Legalization has opened up the recreational cannabis market in Canada, and the global demand for medical cannabis continues to expand. In this exciting new environment, Canopy Growth’s mission is to be the No. 1 cannabis company in the world. We’re looking for incredible people to join us on the journey.
With millions of square feet of licensed cannabis production and operations spanning five continents, Canopy Growth Corporation (“Canopy Growth”) is the largest legal producer of cannabis in the world. It is a listed company on the Toronto Stock Exchange (WEED), the New York Stock Exchange (CGC), and is part of the S&P Composite Index. Its wholly owned subsidiaries — including its flagship, Tweed, and international medical companies operating under the Spectrum Therapeutics brand — are leading producers of legal, regulated cannabis.
Headquartered in Smiths Falls, Ontario, Canopy Growth recognizes that employees are at the core of its success, and takes pride in a corporate culture that emphasizes inclusiveness, collaboration, and diversity. Our employees come from a wide range of backgrounds, each bringing their own unique skills and talents to the table, working together to continue and increase our incredible momentum of growth.
This role is responsible for the ongoing compliance with Health Canada’s regulatory requirements in St. John’s. It involves establishing and approving the procedures, equipment and other practices that are acceptable from a regulatory perspective. This includes but is not limited to GPP, GMP, and Cannabis Act.
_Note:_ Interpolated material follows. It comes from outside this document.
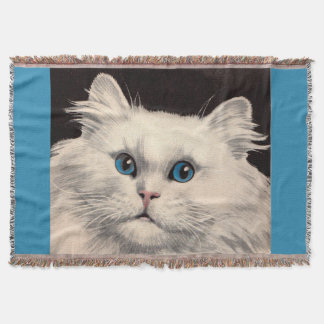 white cat with blue eyes throw blanket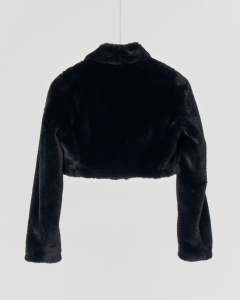 Bolero nero in eco-pelliccia con chiusura zip 40-46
The role further involves the oversight of all testing and laboratory work in furtherance of those goals. The Site Quality Director works closely with the Director Quality Assurance Central Canada who oversees the implementation and compliance with these regulatory requirements in among sites in Ontario and Eastern Canada.
- Act as QAP or designate for site
- Lead all Quality Assurance, Security and Compliance efforts for the site
- Ensure security measures are maintained and adhere to Cannabis Act
- Collaborate with and offer compliance guidance to Quality Control, Regulatory Affairs, Operation and Marketing departments to ensure adherence to Health Canada regulations and where applicable EU GMP Guidelines
- Oversight of the implementation of the site Quality System in-line with corporate Quality objectives
- Manage site quality inspection activities and where applicable, supplier quality assessments
- Act as Management Representative for Health Canada audits and coordinate response to findings
- Ensure non-conformances, Planned Deviations, CAPA’s, Complaint and exception investigations are appropriately handled and approved
- Provide Quality support and guidance for new projects,
- Approve validation studies and coordinate/support the validation program
- Final approval or designate to QAP, if applicable, of product for transfer or sale
- Manage and develop staff and perform documented performance reviews to communicate and discuss employee progress relative to established objectives
- Monitor KPI’s for Quality at site and manage issue resolution as required
- Assure all QC activities, e.g. testing, retention, room inspections, sanitation monitoring, room approvals, equipment and material files, operate effectively to support operations and transfer schedules
- Updating and maintaining quality assurance procedures
- Manage the laboratory environment to verify production quality and repeatability of strain production,
- Hire staff, establish objectives for Quality/Compliance, monitor staff performance and support their development
- Manage the Quality budget
- Other duties as assigned
- Knowledge of quality standard methodologies in pharmaceutical or related industry
- Experience in Quality Control, data management, GMP/GPP and validation principles and demonstrated success leading projects
- 5+ years effectively managing and leading
- Solid decision making
- In depth Project Management experience
- Strong Root Cause Analysis and Investigation expertise
- Knowledge of and experience working with Health Canada protocols
- Strong management and leadership skills along with strategic thinking ability, and a proven track record of regulatory successes
- Excellent communication in both oral and written formats
- Attention to detail
- Superior organization and negotiation abilities
This is a full-time position based out of St. John’s, NFLD.
We appreciate the interest from all candidates, and promise to review all applications, but we will only be contacting those who best fit the requirements. If you don’t hear from us, don’t fret; every resume we get is kept in our database for six months for consideration in future searches for talent.